I made sly enquiries just as a child does but unfortunately in contrast to a child I was listened to rather too attentively and so I quickly devised a wholesome reason for wishing to know who owned the land and whether I might visit it from time to time. It would be a very excellent place to grow things I'm sure I said and despite having never demonstrated any enthusiasm for gardening before and despite my statement of interest being really rather vague my proposition was taken seriously and since it turned out the land was in fact owned by the Catholic Church I was directed to the large house on the corner where the parish priest himself resided.
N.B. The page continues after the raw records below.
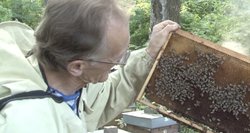 Šie metai – kitokie: kaip pašėlusios spiečiasi bitės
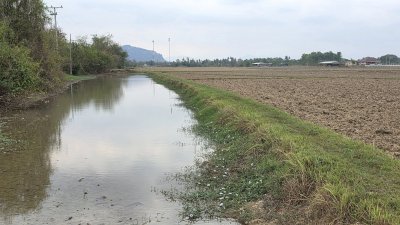 ที่ดินหน้ากว้างติดคลองชลประทาน 5 ไร่ 2 งาน ไร่ละ 450,000 บาท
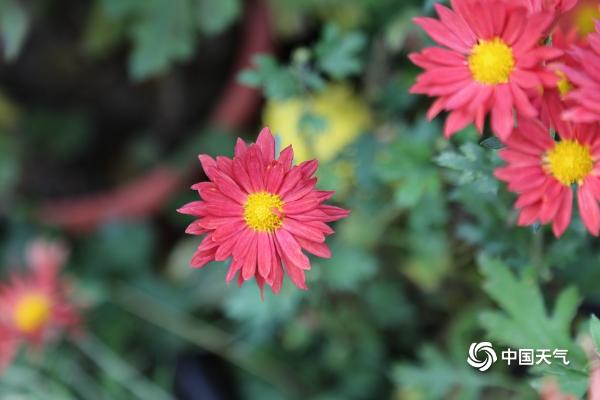 兰州菊花深秋怒放 繁花似锦姿态各异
This development was not something I had foreseen, truth be told I'd had no purposeful intentions. I think I just fancied the idea of having a secluded place to stand about in now and then, a secret garden if you like. And I should never have said a word about it because as usual the minute I did it all became quite misshapen and not what I had in mind at all, and yet there was something so alien and absurd about how it was all progressing that I couldn't help but go right along with it.

He was pleasantly perfunctory and did not mention anything at all about God, though he did enunciate the word bounty rather pointedly, but I didn't flinch. Where do you live, he said. Over in that house there, I said, and pointed through the window at a house across the road. He didn't look in the direction of my finger, it was quite sufficient for him that I could stand where I was and at the same time point to my house, and so it was settled. I do not remember the interior of the priest's house. I think the wallpaper in the hallway might have been sage green. It could be the case that I went in no further than the hallway. Perhaps I just stood at the door on the street looking in at the hallway. And then down at the plastic step. Yes, I believe he was wearing trainers in fact.

Clearing a decent area of ground and making it ready for planting potatoes was hard and monotonous work added to which early spring tends to be rather humid here and indeed it was so that particular year. I do not know fully what drove me to deracinate thick and fuzzy weeds like that every day in the premature heat. I often stopped and stood quite still, wondering what hopes my mind had just then been taken up with, but I could seldom recall. However, in spite of my own bemusement, for the first time in my adult life other people knew exactly what I was doing. It was as plain as day to them. I'd come back with the tools and lean them against the house wall and go inside to wash my hands and it would be quite clear to anyone who saw me what I had been doing that day. I believe during that period people were, notwithstanding two or three specific incidents, conspicuously more agreeable towards me.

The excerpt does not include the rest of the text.